Meanjin’s Tournament of Books 2012, Matches 3 to 6
As I promised in my first post on this year’s tournament – whether you wanted it or not – I’m back with a progress report on the tournament. And, I must say, I’m rather thrilled with the results to date. I haven’t read all the contenders so my reaction is more than a little subjective but my favourite authors and some favourite stories are doing well.
Match 3: Thea Astley’s “Hunting the wild pineapple” defeated Tara June Winch’s “It’s too difficult to explain”
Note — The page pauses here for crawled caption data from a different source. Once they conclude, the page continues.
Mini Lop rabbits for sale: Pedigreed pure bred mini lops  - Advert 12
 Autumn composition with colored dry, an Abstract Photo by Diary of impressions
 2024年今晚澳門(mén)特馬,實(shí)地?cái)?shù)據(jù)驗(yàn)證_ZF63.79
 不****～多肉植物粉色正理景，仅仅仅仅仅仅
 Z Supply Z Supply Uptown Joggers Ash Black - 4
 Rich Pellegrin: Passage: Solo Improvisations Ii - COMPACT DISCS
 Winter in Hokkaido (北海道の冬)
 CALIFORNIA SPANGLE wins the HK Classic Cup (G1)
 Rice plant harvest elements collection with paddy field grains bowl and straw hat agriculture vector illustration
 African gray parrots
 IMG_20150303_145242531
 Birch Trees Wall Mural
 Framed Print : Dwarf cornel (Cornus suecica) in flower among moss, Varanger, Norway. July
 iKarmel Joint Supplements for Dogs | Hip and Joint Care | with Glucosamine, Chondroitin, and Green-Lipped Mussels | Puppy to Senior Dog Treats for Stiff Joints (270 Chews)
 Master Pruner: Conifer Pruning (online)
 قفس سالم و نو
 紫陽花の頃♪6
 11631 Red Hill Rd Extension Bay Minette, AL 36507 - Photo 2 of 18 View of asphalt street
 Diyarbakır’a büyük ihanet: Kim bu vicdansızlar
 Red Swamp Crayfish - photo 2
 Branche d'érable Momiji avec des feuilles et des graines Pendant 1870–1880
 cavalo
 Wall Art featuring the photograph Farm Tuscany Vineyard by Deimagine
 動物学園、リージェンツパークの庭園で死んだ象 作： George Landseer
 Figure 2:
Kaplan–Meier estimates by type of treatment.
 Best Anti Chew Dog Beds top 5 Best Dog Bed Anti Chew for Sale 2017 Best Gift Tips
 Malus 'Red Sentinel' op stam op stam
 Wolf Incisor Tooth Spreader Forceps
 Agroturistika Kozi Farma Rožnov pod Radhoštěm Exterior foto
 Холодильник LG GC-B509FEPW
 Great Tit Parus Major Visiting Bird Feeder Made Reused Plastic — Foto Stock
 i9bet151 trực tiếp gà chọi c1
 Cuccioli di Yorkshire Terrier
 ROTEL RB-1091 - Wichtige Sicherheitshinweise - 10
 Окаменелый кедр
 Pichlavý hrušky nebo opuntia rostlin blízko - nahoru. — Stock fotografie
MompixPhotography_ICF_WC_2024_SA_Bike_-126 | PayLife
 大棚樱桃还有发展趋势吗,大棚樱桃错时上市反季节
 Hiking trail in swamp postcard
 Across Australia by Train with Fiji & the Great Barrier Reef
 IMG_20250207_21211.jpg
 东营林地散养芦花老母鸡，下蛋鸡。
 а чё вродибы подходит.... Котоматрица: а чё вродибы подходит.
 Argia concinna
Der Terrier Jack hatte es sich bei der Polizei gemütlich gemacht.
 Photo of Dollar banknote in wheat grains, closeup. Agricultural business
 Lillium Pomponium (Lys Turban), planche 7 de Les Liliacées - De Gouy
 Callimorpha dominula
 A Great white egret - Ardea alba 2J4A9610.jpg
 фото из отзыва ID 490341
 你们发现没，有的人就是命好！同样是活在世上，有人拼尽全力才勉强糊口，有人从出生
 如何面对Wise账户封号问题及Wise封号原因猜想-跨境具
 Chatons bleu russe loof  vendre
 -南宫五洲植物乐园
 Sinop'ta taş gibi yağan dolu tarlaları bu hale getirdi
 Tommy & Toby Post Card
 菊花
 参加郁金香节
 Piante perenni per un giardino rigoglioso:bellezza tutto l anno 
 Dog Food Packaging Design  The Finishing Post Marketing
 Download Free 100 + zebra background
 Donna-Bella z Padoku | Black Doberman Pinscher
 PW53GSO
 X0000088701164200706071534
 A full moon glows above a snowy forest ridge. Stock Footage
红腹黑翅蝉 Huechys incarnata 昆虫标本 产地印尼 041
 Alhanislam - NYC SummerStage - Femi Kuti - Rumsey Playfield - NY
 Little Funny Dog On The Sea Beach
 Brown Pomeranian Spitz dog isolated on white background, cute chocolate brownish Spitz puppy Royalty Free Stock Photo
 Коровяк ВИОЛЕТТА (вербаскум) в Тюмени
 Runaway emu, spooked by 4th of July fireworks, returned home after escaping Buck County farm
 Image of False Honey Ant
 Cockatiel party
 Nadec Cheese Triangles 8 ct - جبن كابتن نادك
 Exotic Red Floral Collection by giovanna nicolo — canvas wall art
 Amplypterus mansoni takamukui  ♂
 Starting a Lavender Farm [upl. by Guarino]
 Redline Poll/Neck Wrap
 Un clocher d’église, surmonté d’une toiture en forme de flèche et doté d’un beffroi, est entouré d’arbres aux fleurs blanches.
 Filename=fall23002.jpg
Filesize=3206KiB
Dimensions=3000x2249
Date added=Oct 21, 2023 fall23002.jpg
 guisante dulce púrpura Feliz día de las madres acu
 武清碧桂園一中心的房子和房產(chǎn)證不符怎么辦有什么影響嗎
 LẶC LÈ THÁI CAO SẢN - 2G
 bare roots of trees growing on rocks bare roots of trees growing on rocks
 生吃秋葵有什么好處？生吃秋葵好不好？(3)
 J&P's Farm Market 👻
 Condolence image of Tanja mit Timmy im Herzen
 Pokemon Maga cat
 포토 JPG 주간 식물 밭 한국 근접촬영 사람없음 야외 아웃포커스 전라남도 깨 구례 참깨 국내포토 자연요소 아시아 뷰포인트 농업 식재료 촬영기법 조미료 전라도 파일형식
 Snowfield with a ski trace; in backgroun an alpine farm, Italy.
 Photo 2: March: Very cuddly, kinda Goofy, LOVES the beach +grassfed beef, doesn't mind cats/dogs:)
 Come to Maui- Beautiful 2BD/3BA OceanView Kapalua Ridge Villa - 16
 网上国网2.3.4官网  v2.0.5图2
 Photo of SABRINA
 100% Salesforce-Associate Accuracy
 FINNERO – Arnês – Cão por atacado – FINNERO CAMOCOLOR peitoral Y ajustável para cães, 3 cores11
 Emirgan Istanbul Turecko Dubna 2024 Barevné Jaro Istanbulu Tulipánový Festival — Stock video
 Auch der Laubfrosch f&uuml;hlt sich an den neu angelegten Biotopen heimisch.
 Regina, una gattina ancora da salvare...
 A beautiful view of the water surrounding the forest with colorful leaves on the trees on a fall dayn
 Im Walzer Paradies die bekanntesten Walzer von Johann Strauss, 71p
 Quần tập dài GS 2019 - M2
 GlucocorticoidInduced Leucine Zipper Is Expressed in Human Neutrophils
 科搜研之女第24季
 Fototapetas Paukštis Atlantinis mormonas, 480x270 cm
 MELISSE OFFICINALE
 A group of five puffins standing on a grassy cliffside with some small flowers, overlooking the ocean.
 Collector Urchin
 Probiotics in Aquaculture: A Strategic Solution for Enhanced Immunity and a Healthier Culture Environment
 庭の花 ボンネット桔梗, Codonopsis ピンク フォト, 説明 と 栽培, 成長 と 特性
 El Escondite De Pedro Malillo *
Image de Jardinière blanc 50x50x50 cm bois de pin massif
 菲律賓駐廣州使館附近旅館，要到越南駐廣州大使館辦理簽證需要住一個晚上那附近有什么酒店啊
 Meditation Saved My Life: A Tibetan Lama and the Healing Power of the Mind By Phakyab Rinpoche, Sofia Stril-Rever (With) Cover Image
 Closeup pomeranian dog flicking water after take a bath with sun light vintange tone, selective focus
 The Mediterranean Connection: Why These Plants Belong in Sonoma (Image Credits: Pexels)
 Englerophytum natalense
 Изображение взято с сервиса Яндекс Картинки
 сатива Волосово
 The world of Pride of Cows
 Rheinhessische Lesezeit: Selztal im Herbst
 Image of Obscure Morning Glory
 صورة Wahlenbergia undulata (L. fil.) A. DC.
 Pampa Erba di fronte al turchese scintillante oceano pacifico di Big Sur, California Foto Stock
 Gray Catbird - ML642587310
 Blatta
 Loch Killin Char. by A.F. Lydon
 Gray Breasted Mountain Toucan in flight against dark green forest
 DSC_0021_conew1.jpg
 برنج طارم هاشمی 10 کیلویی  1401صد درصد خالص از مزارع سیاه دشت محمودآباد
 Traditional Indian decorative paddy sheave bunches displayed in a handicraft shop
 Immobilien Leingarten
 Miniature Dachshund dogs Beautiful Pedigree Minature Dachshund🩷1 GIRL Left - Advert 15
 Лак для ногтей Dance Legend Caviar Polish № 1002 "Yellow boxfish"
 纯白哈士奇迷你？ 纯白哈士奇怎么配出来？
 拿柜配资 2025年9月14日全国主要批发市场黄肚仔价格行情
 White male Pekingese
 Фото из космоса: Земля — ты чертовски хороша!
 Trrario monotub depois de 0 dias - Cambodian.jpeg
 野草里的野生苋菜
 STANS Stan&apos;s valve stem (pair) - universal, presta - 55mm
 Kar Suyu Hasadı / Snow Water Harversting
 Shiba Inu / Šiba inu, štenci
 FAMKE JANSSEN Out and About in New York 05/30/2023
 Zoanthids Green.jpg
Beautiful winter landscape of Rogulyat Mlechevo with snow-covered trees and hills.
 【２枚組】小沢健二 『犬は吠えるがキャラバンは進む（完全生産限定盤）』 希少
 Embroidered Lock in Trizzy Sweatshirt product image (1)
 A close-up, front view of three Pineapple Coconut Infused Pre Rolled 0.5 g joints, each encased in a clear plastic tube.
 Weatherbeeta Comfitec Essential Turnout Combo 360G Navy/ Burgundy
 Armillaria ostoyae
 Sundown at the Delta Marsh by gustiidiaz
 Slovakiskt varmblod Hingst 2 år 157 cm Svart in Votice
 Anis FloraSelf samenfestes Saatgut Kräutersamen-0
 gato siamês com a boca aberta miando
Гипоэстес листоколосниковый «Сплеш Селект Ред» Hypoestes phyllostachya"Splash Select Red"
Thea Astley, as I’ve said before, is one of my favourite writers. I have read several of her novels, but she had a long and prolific career and so there’s still a lot for me to read. Her short story collection, Hunting the wild pineapple, is one I’ve yet to read. I also haven’t read the Tara June Winch story so I’m flying completely blind. I’d like to support the young, up and coming writer, but in my heart I’m glad Astley is through to the next round. I want to see her better recognised!
I loved the fact that the judge of this round, John Hunter, recognised (not that it’s relevant to this particular competition) Thea Astley’s Miles Franklin achievement when he says that she “single-handedly kept up the women’s quota of Miles Franklin Awards for decades. Even today I think not many people know this. Anyhow, he describes Astley’s short story as “social observation written with a razor blade”. I couldn’t describe Astley better myself.
Of all the matches, this is the one that mattered most to me, not only because Elizabeth Jolley is another of my favourite writers, but because this short story is one of the few I nominated in Meanjin‘s call for nominations on its blog. Estelle Tang, who judged this one, starts by commenting on the humour. This is one of the reasons I love Jolley, her wit, satire and irony. She’s dark but she makes you laugh despite yourself. “Five acre virgin” was my first Jolley. It introduced me to her interest in and empathy for the underdog, the marginalised and the outsider in our society, issues that she explores regularly in her fiction. Tang describes the story as “the classic swimming duck, an unassuming facade masking the maelstrom beneath” which could be a good description for Jolley herself. On the outside, she looked like a sweet little old lady but underneath was something far sharper. She was one funny, cluey woman.
Match 5: Josephine Rowe’s “In the mornings we would sometimes hear him singing” defeated Murray Bail’s “A.B.C.D-Z”
Of the four matches I’m reporting on today, this is the one I have least vested interest in because I’ve read neither of the short stories. However, I have read a couple of novels by Murray Bail and like his writing so on a purely subjective basis, I’d have been happy to see him win. However, the judge Jo Case calls Rowe’s prose “exquisite”, describes the story as “a mood piece” and says it’s “a seductive read”. I must locate a copy.
Match 6: Barbara Baynton’s “Squeaker’s Mate” defeated Frank Moorhouse’s “The Annual Conference of 1930 and South Dada”
Regular readers of this blog will probably remember that I reviewed “Squeaker’s Mate” last month. It’s a great story and offers such a different perspective on the “bush myth” that, although I haven’t read Moorhouse’s probably very worthy story, I am very glad to see Baynton win. Patrick Pittman who judged this match said that Baynton was new to him, and that the piece came as “a complete surprise”. He comments on its “sparse and unrelenting prose” and on its gender politics which “is radical and unsettling, if not always pin-downable”. I know what he means. Baynton is not simplistic – and should be better known.
Did you notice that these four rounds, which involved 6 female and 2 male writers, were all won by women? This is not a gender war … but it’s good to see some under-appreciated women gaining recognition.